Investment firm Citadel’s founder and CEO, Ken Griffin, has finally made it to the top of Institutional Investor’s The Rich List which name the past years most successful hedge fund managers. Griffin achieved the prized position by bringing in a staggering $1.3 billion last year. The top position was close. Three managers with 2014 earnings of over $1 billion were in contention: James Simons, founder of East Setauket; Raymond Dalio, founder of Bridgewater Associates; and, of course, Griffin. In the end, Griffin beat out Simmon’s $1.2 billion and Dalio’s $1.1 billion.
The people on The Rich List have always been managers who pulled in that money as a representative of a certain company. That changed this year. Simons, who no longer runs the regular operations of the company he founded, became the first person ever to be named on the list who was not representing a company when pulling in the winning money. Although the top three brought in so much, the total of all the earners of the list was much lower than it has been since the financial crisis of 2008. Those who made the list are just a representative of the low average.
Last year was a bad investment year pretty much across the board of professional investors. In fact, several people who almost always take respectable positions on the list, didn’t even qualify. As evidenced in how he made the top of The Rich List, Kenneth was unlike most fund managers in actually having a great year on behalf of Citadel. Citadel might have had a good year, but not all of its investors found individual success. It is likely that certain employees of Citadel, like asset manager Derek Kaufman, eyed their more successful peers with envy. Like many asset managers, Kaufman had a very bad investment year in 2014. Over the course of the year a long list of his trades resulted in huge losses.

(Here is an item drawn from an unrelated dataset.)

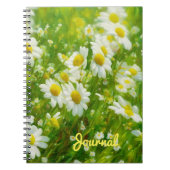 Daisy Flower Garden Art Notebook Journal Notizblock (Vorderseite)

Kaufman had been one of Citadel’s best employees since 2008. However, after such a horrendous year Citadel had to let him go. Griffin, who had such a great year in 2014, will be taking on the additional leadership of those employees directly under Kaufman. At the same time as one important employee is leaving, another is arriving in the form of Federal Reserve Chair Ben Bernanke, who will be coming on board Citadel as a senior adviser. Although Citadel did have a better 2014 than many investment firms, it is not completely unlikely the bad investment year inspired this recent hire.